| name | airflow-etl |
| description | Generate Apache Airflow ETL pipelines for government websites and document sources. Explores websites to find downloadable documents, verifies commercial use licenses, and creates complete Airflow DAG assets with daily scheduling. Use when user wants to create ETL pipelines, scrape government documents, or automate document collection workflows. |
Airflow ETL Pipeline Generator
Generate production-ready Apache Airflow ETL pipelines that automatically discover, download, and transform documents from government websites and other data sources into structured markdown files.
Workflow
Phase 1: Website Exploration and Discovery
Initial Analysis:
- Use WebFetch to explore the provided website URL
- Identify document sections (downloads, archives, publications, meetings, etc.)
- Look for API endpoints, RSS feeds, or structured data sources
- Note pagination patterns and document organization
License Verification:
- Search for license information (Creative Commons, Open Government License, etc.)
- Look for terms of use or copyright notices
- Check for explicit commercial use permissions
- If unclear, ask user about license status
Document Inventory:
- Identify document types (PDF, DOC, DOCX, etc.)
- Understand the URL patterns for documents
- Determine how to detect new documents
- Note any metadata available (dates, categories, titles)
User Confirmation:
- Present findings in a clear summary
- Show example document URLs
- Describe the discovered structure
- Ask user to confirm this is the correct data source
Phase 2: Generate Airflow Pipeline Assets
Create a complete, production-ready Airflow project structure:
airflow_pipelines/
├── dags/
│ └── [source_name]_etl_dag.py
├── operators/
│ ├── __init__.py
│ ├── document_scraper.py
│ └── document_converter.py
├── utils/
│ ├── __init__.py
│ ├── license_checker.py
│ └── file_manager.py
├── config/
│ └── [source_name]_config.yaml
├── requirements.txt
└── README.md
File Generation Requirements:
1. DAG File (dags/[source_name]_etl_dag.py):
- Daily schedule (adjustable)
- Clear task dependencies
- Error handling and retries
- Sensor for checking new documents
- Download task
- Conversion task to markdown
- File organization task
- Use Airflow best practices (XComs, task groups, dynamic task generation)

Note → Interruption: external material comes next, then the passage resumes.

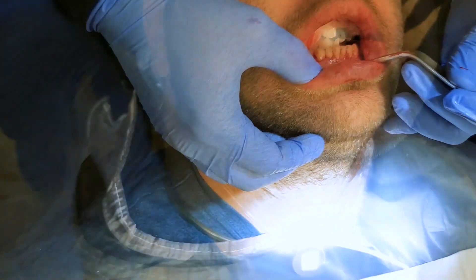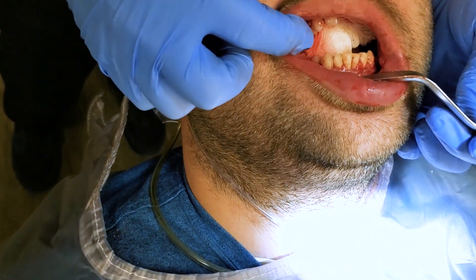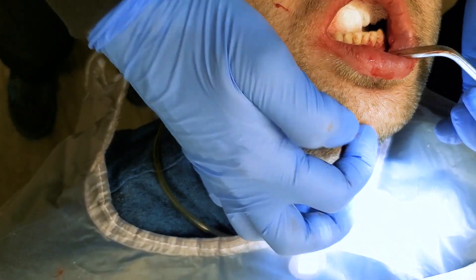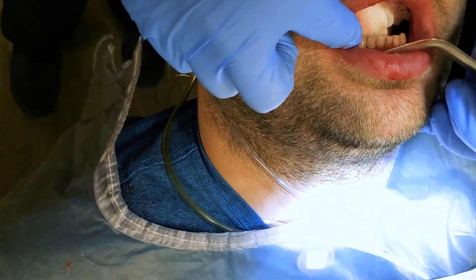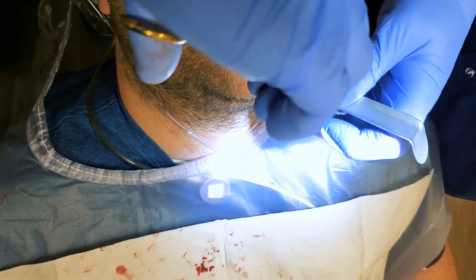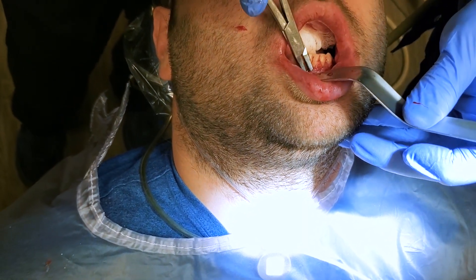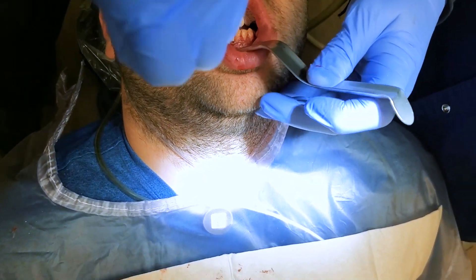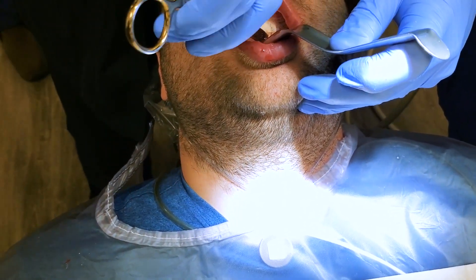The arch bars are now gone, but what we're looking at here is this wire — a circumdental wire that was used when the jaw was broken down through here to bring that segment together and get his teeth approximated. It goes around the teeth. Let's get a wire twister and go ahead and just unspin this wire, kind of get it up and available. Now I'm going to start to untwist it a little bit.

2. Document Scraper (operators/document_scraper.py):
- BeautifulSoup or Scrapy for web scraping
- Request handling with retries
- Respect robots.txt
- User-agent configuration
- Rate limiting
- Checksum/hash tracking to avoid re-downloading
- State management for incremental updates
3. Document Converter (operators/document_converter.py):
- Support for PDF, DOC, DOCX conversion to markdown
- Use libraries like pypandoc, pdfplumber, or python-docx
- Preserve document structure (headings, lists, tables)
- Extract metadata
- Handle encoding issues
- Clean and normalize output
4. License Checker (utils/license_checker.py):
- Validate license information
- Check for commercial use permission
- Log license status
- Skip non-compliant documents
5. File Manager (utils/file_manager.py):
- Create meaningful directory structure
- Organize by date, category, or document type
- Generate consistent filenames
- Handle duplicates
- Maintain index of processed documents
6. Configuration (config/[source_name]_config.yaml):
source:
name: "Source Name"
url: "https://example.com"
document_section: "/documents"
schedule:
interval: "0 0 * * *" # Daily at midnight
storage:
base_path: "/data/documents"
structure: "year/month/category"
scraping:
rate_limit: 1 # requests per second
user_agent: "ETL Pipeline Bot"
retry_attempts: 3
conversion:
format: "markdown"
preserve_structure: true
extract_metadata: true
7. Requirements (requirements.txt):
apache-airflow>=2.7.0
beautifulsoup4>=4.12.0
requests>=2.31.0
pypandoc>=1.12
pdfplumber>=0.10.0
python-docx>=1.0.0
pyyaml>=6.0
lxml>=4.9.0
8. Documentation (README.md):
- Pipeline overview
- Setup instructions
- Configuration guide
- Airflow connection requirements
- Monitoring and troubleshooting
- Example usage
Phase 3: Implementation Notes
Important Considerations:
- Include comprehensive error handling
- Log all operations for debugging
- Add data quality checks
- Implement idempotency (safe to re-run)
- Use Airflow variables for sensitive config
- Add email/Slack alerts for failures
- Document the directory structure created
Code Quality:
- Follow PEP 8 style guidelines
- Add docstrings to all functions
- Include type hints
- Write modular, reusable code
- Add comments for complex logic
Testing Recommendations (optional):
- Suggest basic unit tests for utilities
- Recommend integration testing approach
- Provide example test cases
Phase 4: Delivery
- Generate all files using Write tool
- Provide summary of created assets
- Explain how to deploy to Airflow:
- Copy files to Airflow home directory
- Install requirements
- Enable the DAG in Airflow UI
- Configure connections if needed
- Suggest next steps (testing, scheduling, monitoring)
Examples
Example 1: German Bundestag Documents
User: "Create an ETL pipeline for https://www.bundestag.de/digitales to collect committee meeting documents"
Skill Response:
- Explores the digital committee section
- Finds document sections (agendas, protocols, reports)
- Checks copyright notice
- Confirms findings with user
- Generates complete Airflow pipeline
- Creates scraper for committee documents
- Sets up markdown conversion
- Organizes by committee and date
Example 2: EU Open Data Portal
User: "Build an Airflow pipeline for EU legislation documents from data.europa.eu"
Skill Response:
- Discovers API endpoints
- Verifies open data license
- Generates API-based scraper
- Creates pipeline with API operators
- Includes rate limiting
- Organizes by document type and year
Key Success Criteria
- Pipeline runs successfully in Airflow
- Documents are correctly downloaded
- Markdown conversion preserves structure
- File organization is logical and scalable
- License compliance is enforced
- New documents are detected automatically
- Pipeline is idempotent and fault-tolerant
Tips for Users
- Provide the main URL of the data source
- Mention any specific document types needed
- Specify preferred organization structure
- Note any special requirements (date ranges, categories)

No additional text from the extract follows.